Required action >> A faithful transcription of all the data, images excluded, is the required answer.

---

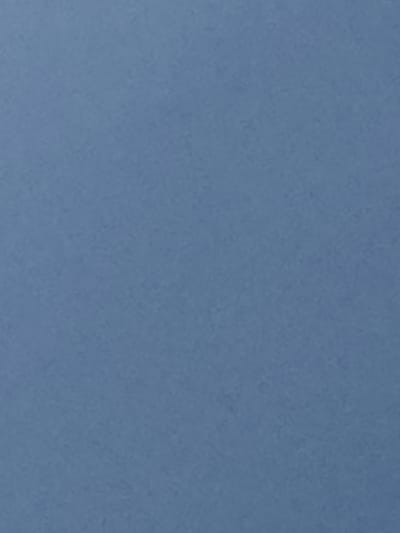 This media file is a cropped image showing a textured, solid blue surface. There are no discernible subjects, objects, activities, or events taking place. The image is abstract and lacks any specific details regarding time of day, weather, location cues, or emotions. No text is visible in the image.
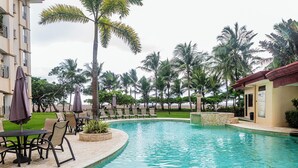 Ein Schwimmbecken mit Liegestühlen und Sonnenschirmen, umgeben von Palmen und einem Gebäude mit Balkonen.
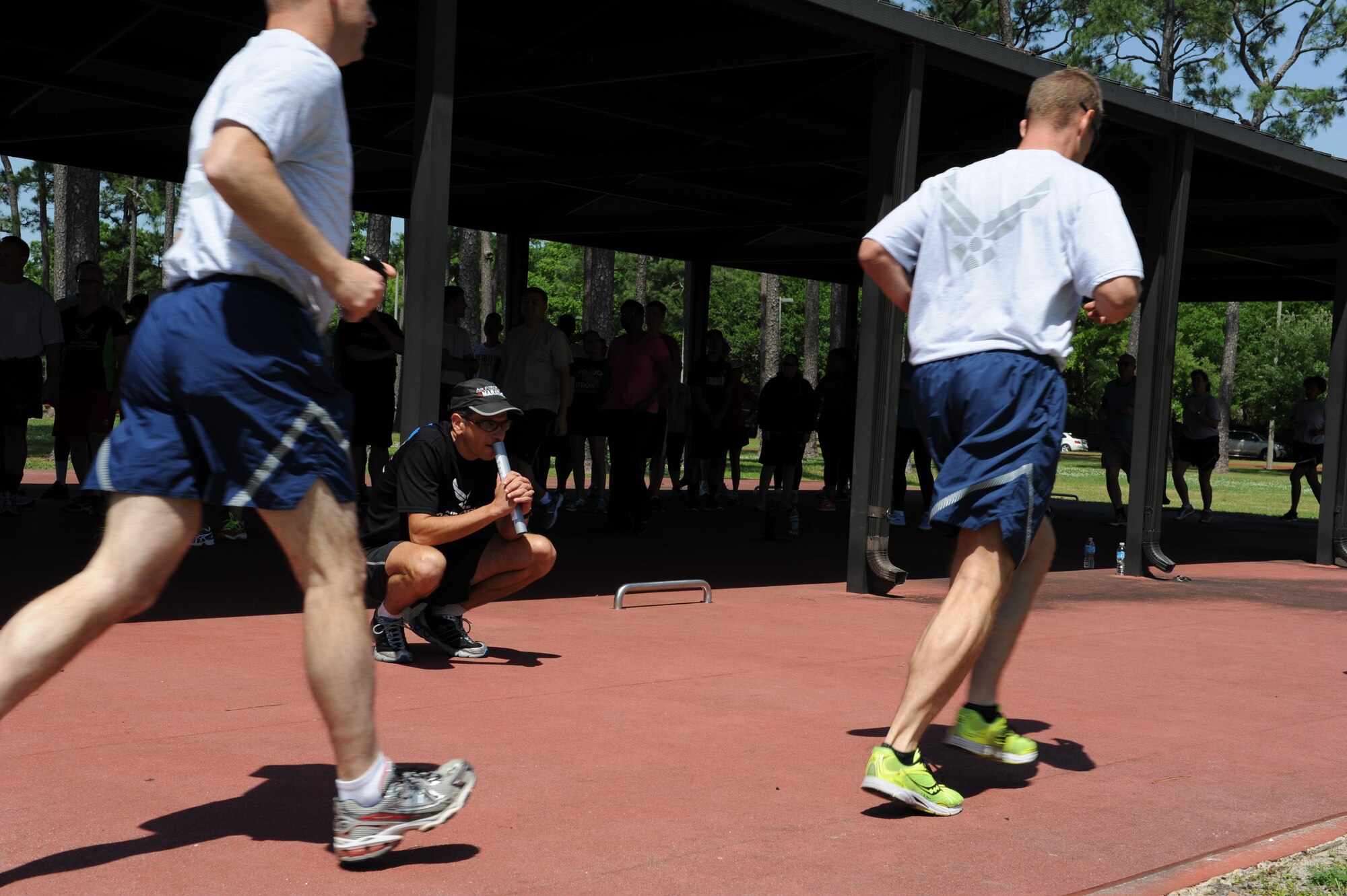 Lt. Col. (Dr.) Antonio Eppolito, chief of Air Force telemedicine, watches members of Team Keesler during a running clinic May 1, at the Crotwell Track, Keesler Air Foce base, Miss. The 81st Aerospace Medicine Squadron health and wellness center hosted the hands-on workshop with Eppolito, a 19-year member of the Air Force Running Team, as the subject matter expert. (U.S. Air Force photo by Airman 1st Class Stephan Coleman)
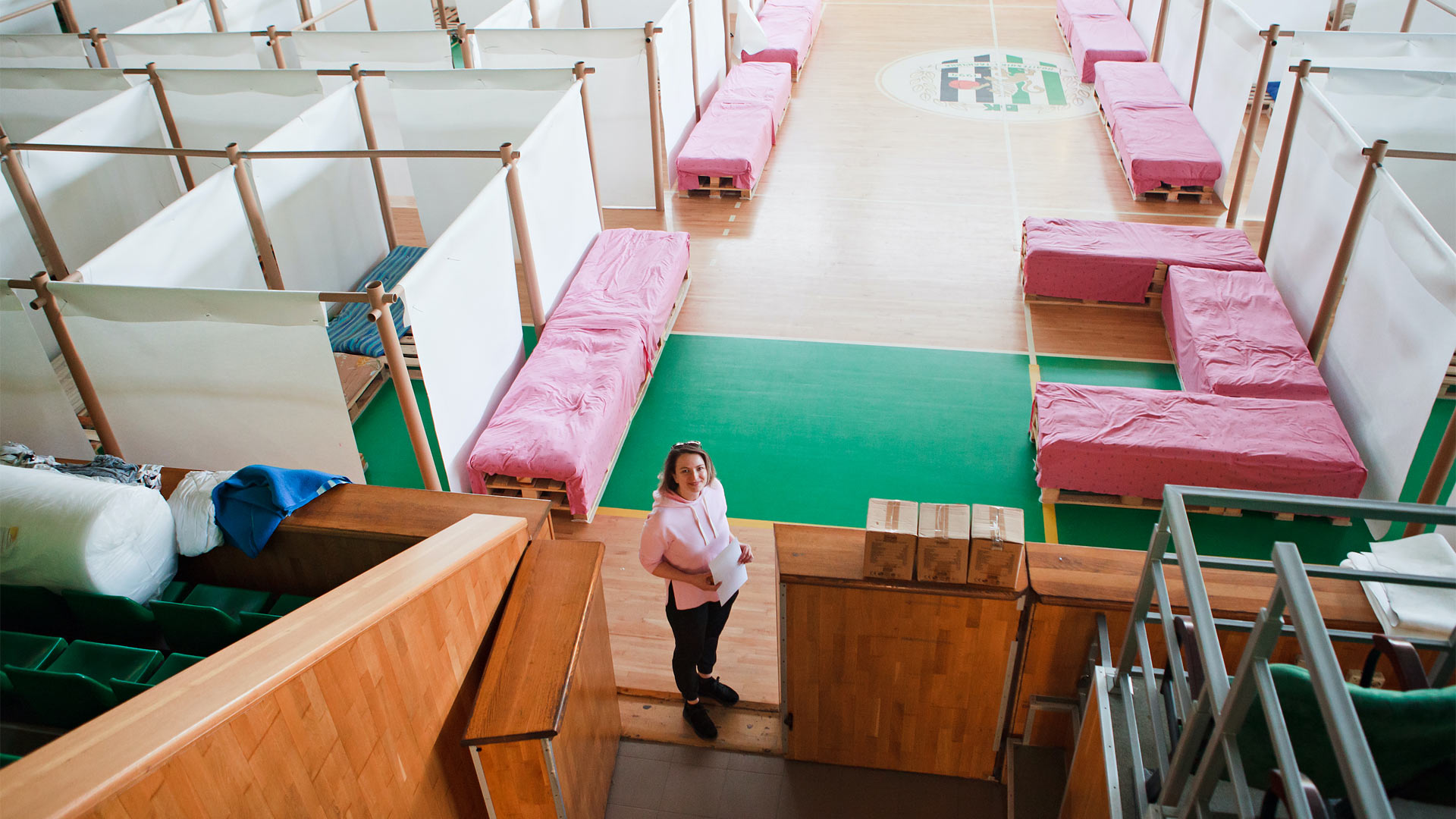 A makeshift shelter in a gym is viewed from above. A woman stands at the entrance holding a piece of paper.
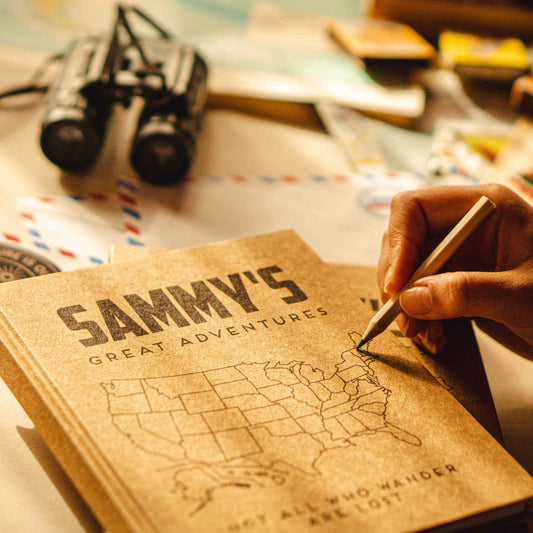 Person coloring in the map on a customized travel planning book cover, personalizing their adventure.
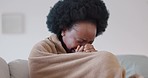 Sad crying black woman with depression at home on couch, sofa or living room mourning the loss of a loved one. Anxiety, stress and tears of African female with poor mental health after physical abuse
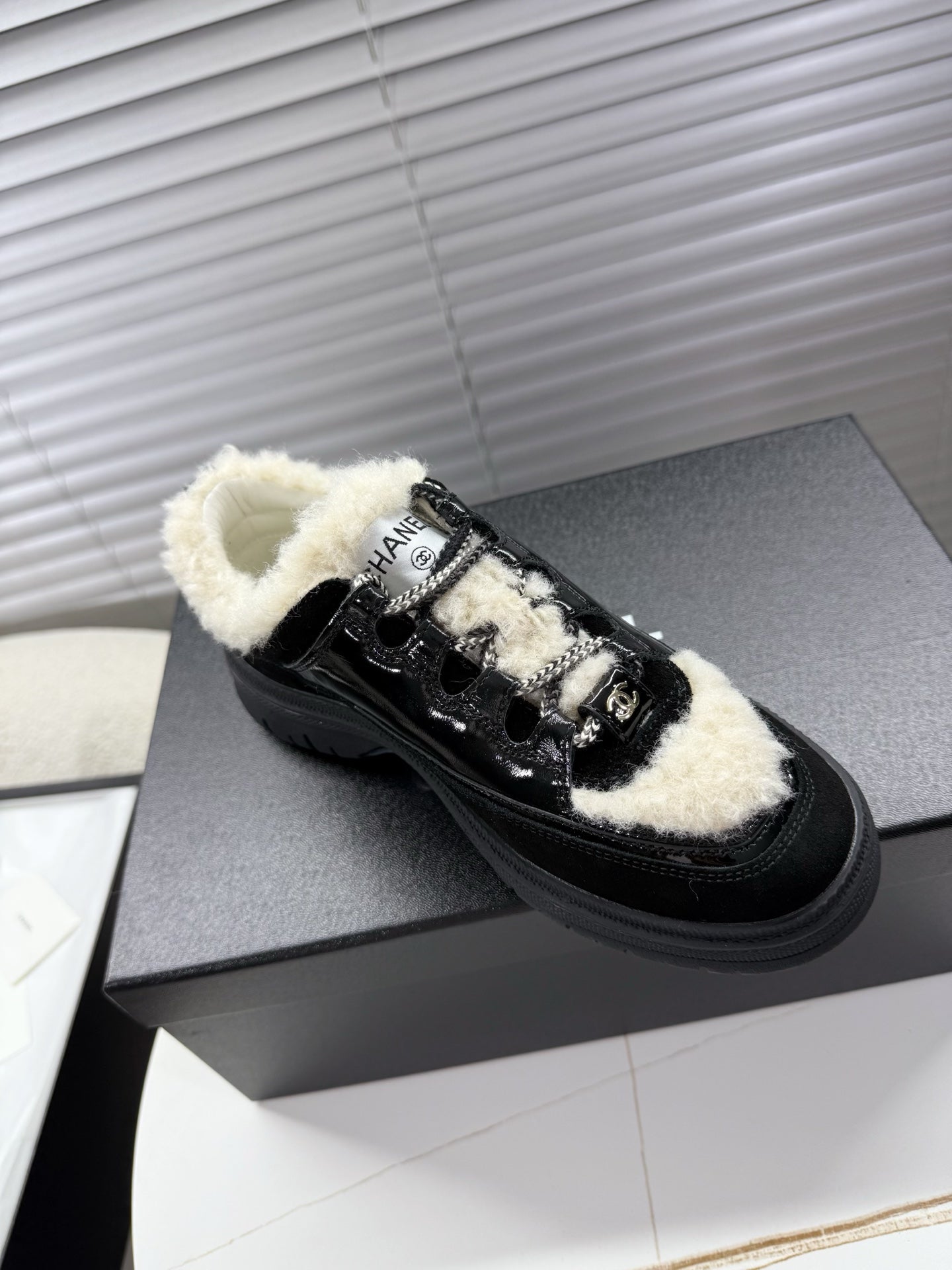 CHANEL 25S SNEAKERS WITH FUR ACCENTS 35MM IN BLACK CALFSKIN - 35
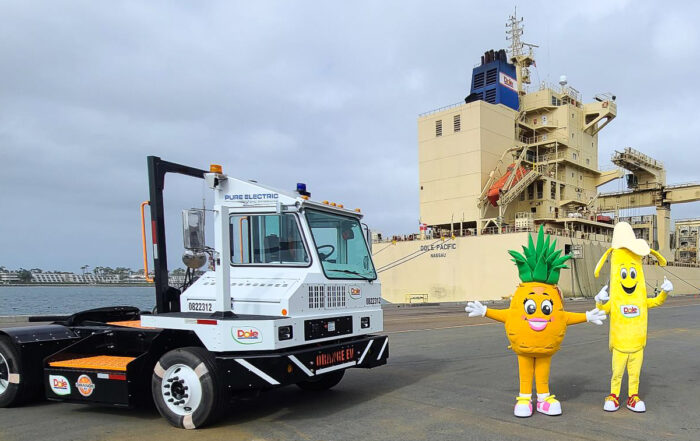 Dole company mascot and Orange EV trucks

---

Result for this exercise >>
 This media file is a cropped image showing a textured, solid blue surface. There are no discernible subjects, objects, activities, or events taking place. The image is abstract and lacks any specific details regarding time of day, weather, location cues, or emotions. No text is visible in the image.
 Ein Schwimmbecken mit Liegestühlen und Sonnenschirmen, umgeben von Palmen und einem Gebäude mit Balkonen.
 Lt. Col. (Dr.) Antonio Eppolito, chief of Air Force telemedicine, watches members of Team Keesler during a running clinic May 1, at the Crotwell Track, Keesler Air Foce base, Miss. The 81st Aerospace Medicine Squadron health and wellness center hosted the hands-on workshop with Eppolito, a 19-year member of the Air Force Running Team, as the subject matter expert. (U.S. Air Force photo by Airman 1st Class Stephan Coleman)
 A makeshift shelter in a gym is viewed from above. A woman stands at the entrance holding a piece of paper.
 Person coloring in the map on a customized travel planning book cover, personalizing their adventure.
 Sad crying black woman with depression at home on couch, sofa or living room mourning the loss of a loved one. Anxiety, stress and tears of African female with poor mental health after physical abuse
 CHANEL 25S SNEAKERS WITH FUR ACCENTS 35MM IN BLACK CALFSKIN - 35
 Dole company mascot and Orange EV trucks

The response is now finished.